Bug 1940795: Don't tear aligned subwords in AtomicMemcpy. r=spidermonkey-reviewers,jandem

anba · anba · commit ecf9a0d48100 · 2025-01-14T09:01:35.000Z
Reads/writes to integer typed arrays mustn't tear, so they can't be split into single byte operations. Replace single byte copy loops with `AtomicCopy{Down,Up}NoTearIfAlignedUnsynchronized`, which performs additional checks when aligned word or dword copying is needed. Test262 tests: <tc39/test262#4369> Differential Revision: https://phabricator.services.mozilla.com/D233710
diff --git a/js/src/jit/GenerateAtomicOperations.py b/js/src/jit/GenerateAtomicOperations.py
@@ -664,6 +664,9 @@ def gen_copy(fun_name, cpp_type, size, unroll, direction):
             if size == 1:
                 insns += fmt_insn("movb OFFSET(%[src]), %[scratch]")
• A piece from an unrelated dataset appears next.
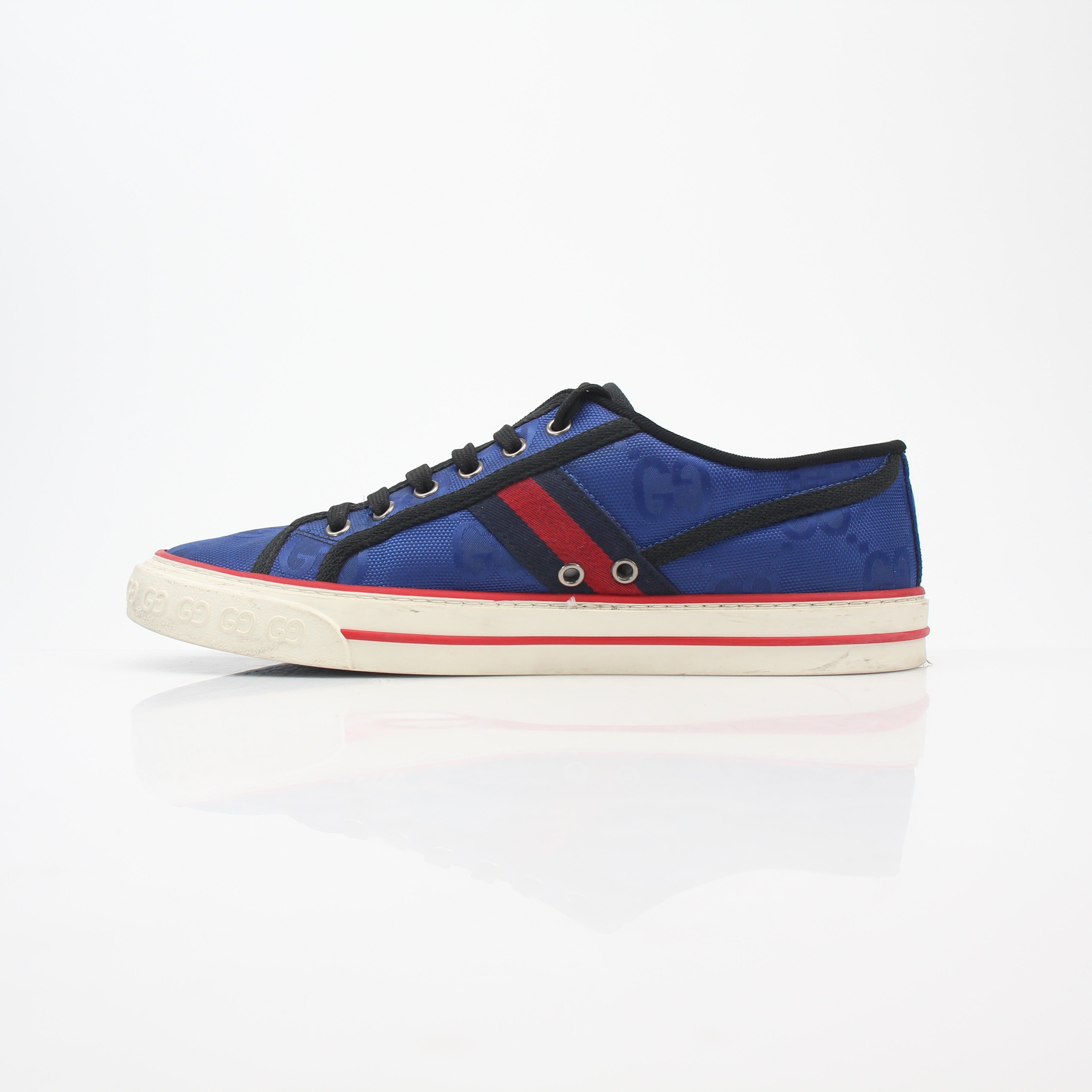 Gucci Blue Off The Grid Tennis 1977 Low-Top Sneakers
                 insns += fmt_insn("movb %[scratch], OFFSET(%[dst])")
+            elif size == 2:
+                insns += fmt_insn("movw OFFSET(%[src]), %[scratch]")
+                insns += fmt_insn("movw %[scratch], OFFSET(%[dst])")
             elif size == 4:
                 insns += fmt_insn("movl OFFSET(%[src]), %[scratch]")
                 insns += fmt_insn("movl %[scratch], OFFSET(%[dst])")
@@ -675,6 +678,12 @@ def gen_copy(fun_name, cpp_type, size, unroll, direction):
             if size == 1:
                 insns += fmt_insn("ldrb %w[scratch], [%x[src], OFFSET]")
                 insns += fmt_insn("strb %w[scratch], [%x[dst], OFFSET]")
+            elif size == 2:
+                insns += fmt_insn("ldrh %w[scratch], [%x[src], OFFSET]")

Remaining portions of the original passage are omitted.